I would like to give some thoughts concerning what we often refer to as the simul, short for simul iustus et peccator, “at the same time righteous and sinner.” When we think of this paradox we might think of Romans 7:15ff and Galatians 5:16-17. But I want to argue that these two passages do not properly describe the simul. They rather describe the life of the Christian who lives out his life as a Christian. They describe the result of the greater part of the simul (iustus) over and against the lesser part (peccator). The simul is rather more properly described by Romans 5:20, “Now the law came in to increase the trespass, but where sin increased, grace abounded all the more.” In his essay, Luther: Word, Doctrine, and Confession, Robert Preus gives some insight, which I believe offers much food for thought on this issue:
To Luther the paradox simul justus et peccator is not an ontological description of man as righteous and a sinner, nor a statement about the old and new man, but a simple affirmation of two biblical assertions concerning man, the assertion of the law that man is a sinner and under God’s wrath and the assertion of the gospel that man is righteous and God is at peace. Both assertions are true in fact, ontologically. The second verdict, however, or assertion, takes total preeminence over the first by virtue of the principle of solus Christus. Christ is Lord! He is Lord of the Scriptures, of all doctrine, theology, and “everything.” (1)

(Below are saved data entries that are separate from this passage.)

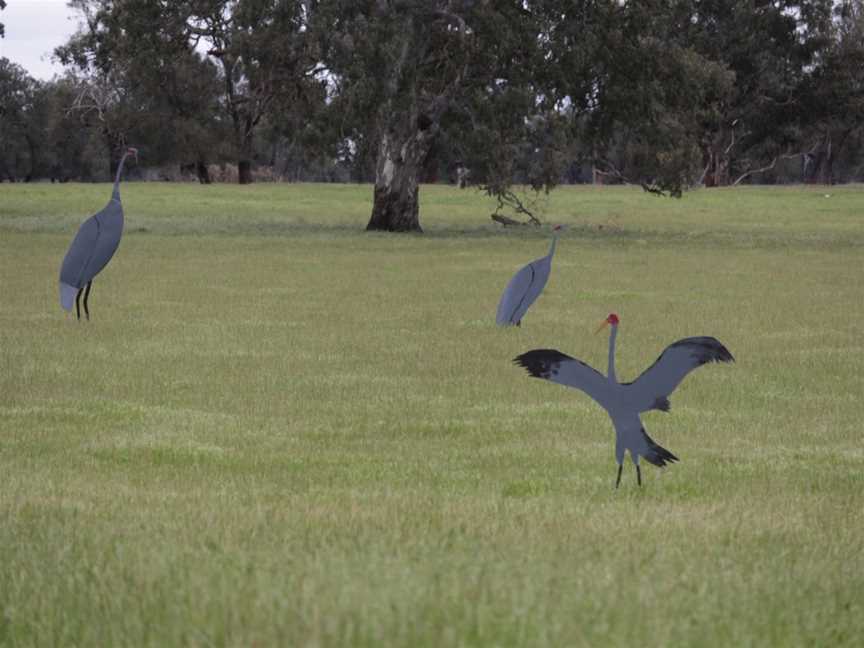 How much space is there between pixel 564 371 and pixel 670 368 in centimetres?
58

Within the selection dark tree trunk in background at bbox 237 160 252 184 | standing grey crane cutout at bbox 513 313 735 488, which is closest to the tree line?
standing grey crane cutout at bbox 513 313 735 488

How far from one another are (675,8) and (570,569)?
124 feet

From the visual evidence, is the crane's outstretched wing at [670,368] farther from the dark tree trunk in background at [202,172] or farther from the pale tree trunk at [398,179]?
the dark tree trunk in background at [202,172]

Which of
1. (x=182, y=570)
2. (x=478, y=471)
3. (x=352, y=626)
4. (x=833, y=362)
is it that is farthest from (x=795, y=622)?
(x=833, y=362)

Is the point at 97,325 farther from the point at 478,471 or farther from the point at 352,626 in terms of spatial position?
the point at 352,626

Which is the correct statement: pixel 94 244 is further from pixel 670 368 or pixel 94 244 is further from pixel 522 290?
pixel 670 368

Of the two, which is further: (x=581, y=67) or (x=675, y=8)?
(x=675, y=8)

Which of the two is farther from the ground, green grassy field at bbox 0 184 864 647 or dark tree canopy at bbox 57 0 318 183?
dark tree canopy at bbox 57 0 318 183

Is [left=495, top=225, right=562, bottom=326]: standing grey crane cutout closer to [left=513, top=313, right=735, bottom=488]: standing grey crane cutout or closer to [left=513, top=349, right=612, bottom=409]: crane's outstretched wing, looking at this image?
[left=513, top=313, right=735, bottom=488]: standing grey crane cutout

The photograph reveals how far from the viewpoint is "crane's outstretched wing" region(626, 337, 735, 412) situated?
6.14m

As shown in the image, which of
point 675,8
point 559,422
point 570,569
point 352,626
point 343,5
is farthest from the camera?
point 675,8

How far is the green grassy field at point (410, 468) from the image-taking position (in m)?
4.79

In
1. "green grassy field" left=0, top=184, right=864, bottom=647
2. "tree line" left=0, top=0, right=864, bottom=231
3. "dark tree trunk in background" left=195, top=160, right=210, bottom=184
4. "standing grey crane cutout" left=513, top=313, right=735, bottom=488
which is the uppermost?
"tree line" left=0, top=0, right=864, bottom=231

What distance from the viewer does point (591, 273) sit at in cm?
2823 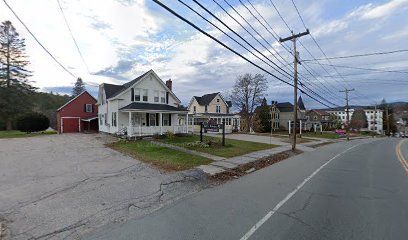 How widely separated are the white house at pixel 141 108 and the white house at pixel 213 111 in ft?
44.1

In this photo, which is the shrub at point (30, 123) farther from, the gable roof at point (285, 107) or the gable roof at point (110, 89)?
the gable roof at point (285, 107)

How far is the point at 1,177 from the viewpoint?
30.0 feet

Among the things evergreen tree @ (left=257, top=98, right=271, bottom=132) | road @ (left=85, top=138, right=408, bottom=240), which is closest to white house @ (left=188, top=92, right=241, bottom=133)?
evergreen tree @ (left=257, top=98, right=271, bottom=132)

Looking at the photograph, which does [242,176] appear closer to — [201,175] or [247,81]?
[201,175]

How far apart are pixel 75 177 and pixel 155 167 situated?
3.25 meters

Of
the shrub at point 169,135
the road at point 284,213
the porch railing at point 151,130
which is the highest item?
the porch railing at point 151,130

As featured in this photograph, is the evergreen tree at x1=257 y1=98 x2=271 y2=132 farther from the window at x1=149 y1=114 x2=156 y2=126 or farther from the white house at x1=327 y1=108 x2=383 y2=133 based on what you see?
the white house at x1=327 y1=108 x2=383 y2=133

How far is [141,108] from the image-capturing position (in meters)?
26.0

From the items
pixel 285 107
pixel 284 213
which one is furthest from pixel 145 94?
pixel 285 107

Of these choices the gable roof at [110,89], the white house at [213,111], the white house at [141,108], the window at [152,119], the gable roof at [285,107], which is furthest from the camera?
the gable roof at [285,107]

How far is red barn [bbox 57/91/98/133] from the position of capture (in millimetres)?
37438

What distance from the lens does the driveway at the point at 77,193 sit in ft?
17.0

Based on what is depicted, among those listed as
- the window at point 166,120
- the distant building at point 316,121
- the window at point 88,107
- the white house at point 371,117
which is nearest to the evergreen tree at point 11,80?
the window at point 88,107

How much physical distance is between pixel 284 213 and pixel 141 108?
2222cm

So why is this important? It is important so that we learn to distinguish between what we experience in ourselves and what God’s Word says. We experience a conflict between our good desires of the Spirit and our evil desires of the sinful flesh (Gal 5; Rom 7). This keeps us from doing what we want to do. This is sanctification as we do not let sin reign in our members making us obey its passions (Rom 6). But this is all based upon the preeminence of Christ, his work, and his grace. This is what Preus calls the solus Christus principle. In his Smalcald Articles Luther subordinates everything to this chief article (SA II, 1), and anything that goes against this principle must be rejected, whether it is the abomination of the Mass and the invocation of the saints (SA II, 2:1, 7, 12, 21, 24, 25), chapters and cloisters and monastic vows (SA II, 3:2; III, 14:1), or anything else. This principle is not an extra-biblical principle imposed on the text. It is rather taught by Scripture in Romans 5:20 quoted above. The law and the gospel are not realities of man, but God’s revelation about man from outside of him. The gospel is simply the greater reality. Grace abounds all the more.

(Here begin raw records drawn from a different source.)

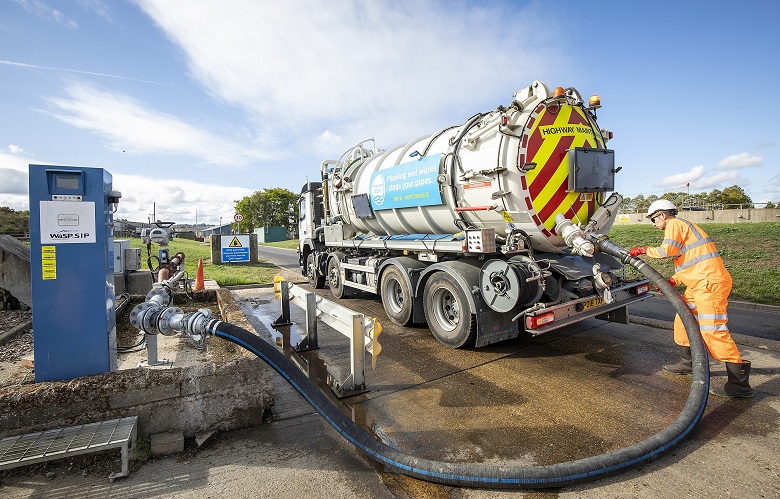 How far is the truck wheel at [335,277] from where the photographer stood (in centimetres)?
904

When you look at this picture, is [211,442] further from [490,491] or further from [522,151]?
[522,151]

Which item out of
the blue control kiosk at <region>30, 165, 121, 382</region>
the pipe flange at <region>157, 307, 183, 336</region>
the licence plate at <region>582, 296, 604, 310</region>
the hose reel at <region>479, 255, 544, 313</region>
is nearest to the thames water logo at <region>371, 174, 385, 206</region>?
the hose reel at <region>479, 255, 544, 313</region>

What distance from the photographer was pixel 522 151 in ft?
15.3

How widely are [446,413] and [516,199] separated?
2535 millimetres

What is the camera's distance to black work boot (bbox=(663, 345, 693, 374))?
4184 millimetres

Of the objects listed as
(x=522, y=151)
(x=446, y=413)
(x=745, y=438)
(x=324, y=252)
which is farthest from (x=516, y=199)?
(x=324, y=252)

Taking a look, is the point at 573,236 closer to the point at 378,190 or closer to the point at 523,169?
the point at 523,169

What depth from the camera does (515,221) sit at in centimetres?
491

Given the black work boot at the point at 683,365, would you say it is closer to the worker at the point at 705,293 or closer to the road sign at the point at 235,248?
the worker at the point at 705,293

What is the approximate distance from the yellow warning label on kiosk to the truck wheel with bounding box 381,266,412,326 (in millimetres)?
4249

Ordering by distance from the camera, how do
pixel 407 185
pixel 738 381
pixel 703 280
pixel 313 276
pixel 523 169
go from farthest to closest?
pixel 313 276 < pixel 407 185 < pixel 523 169 < pixel 703 280 < pixel 738 381

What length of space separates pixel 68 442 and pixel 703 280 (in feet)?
17.1

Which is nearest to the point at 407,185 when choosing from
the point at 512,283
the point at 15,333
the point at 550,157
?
the point at 550,157

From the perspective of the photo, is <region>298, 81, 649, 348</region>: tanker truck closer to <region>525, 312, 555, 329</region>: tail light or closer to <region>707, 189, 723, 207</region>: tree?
<region>525, 312, 555, 329</region>: tail light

So Romans 7 and Galatians 5 more properly describe the result of the law and the gospel concretely carried out in faith working through love (Gal 5:6). This necessarily involves a battle against the sinful flesh as well as an overcoming of the sinful flesh. Though I serve the law of sin with my flesh, I serve the law of God with my mind. In other words, even though I feel in my members what the law rightly says about me, I assert with my heart and mouth (Rom 10:10) the justification and salvation I have been given. My mind is renewed by the greater reality of God’s mercy (Rom 12:1-2).
We don’t identify the paradox of the law and gospel within ourselves. We identify it outside of ourselves – two assertions, which describe two realities. But we identify the assertion of the gospel as the greater one, since Christ has fulfilled the law (Rom 10:4). While we live in the law we are not under it, but under grace (SD VI, 18; Rom 6:13-14; Gal 5:18).
So we don’t identify ourselves as simul iustus et peccator. We identify ourselves as iustus, the greater assertion. We are in Christ Jesus, and there is therefore now no condemnation (Rom 8:1). And for this reason, the righteousness of the law is being fulfilled in us (Rom 8:4). Certainly we plead guilty of our sins and our sinful nature before God. This is assenting to the true assertion of the law. But our identity is hidden in God with Christ. This is what we embrace over and against the law’s assertion. The law thereby becomes our servant, since we have the love of God (Rom 5:5), and the whole law is fulfilled by love (Rom 13:8; Gal 5:14). This is what it means to walk in the law and not under it. It is to identify ourselves as that which we already are by God’s grace, and thereby to insist on living that way. It is to consider ourselves to be what God considers us to be, dead to sin and alive to God in Christ Jesus (Rom 6:11). The greatest virtue God works in us is love, not because it justifies, but because it will be perfected and last forever (1 Cor 138-13). But the greatest assertion of God’s Word is the gospel received through faith, because it was perfected by Christ’s suffering (Heb 2:10) and his mercy endures forever (Ps. 118).
By grace! On this I’ll rest when dying;
In Jesus’ promise I rejoice;
For though I know my heart’s condition,
I also know my Savior’s voice.
My heart is glad, all grief has flown
Since I am saved by grace alone.
(1) Robert Preus, “Luther: Word, Doctrine, and Confession,” Concordia Theological Quarterly 60, no. 3 (July 1996): 194.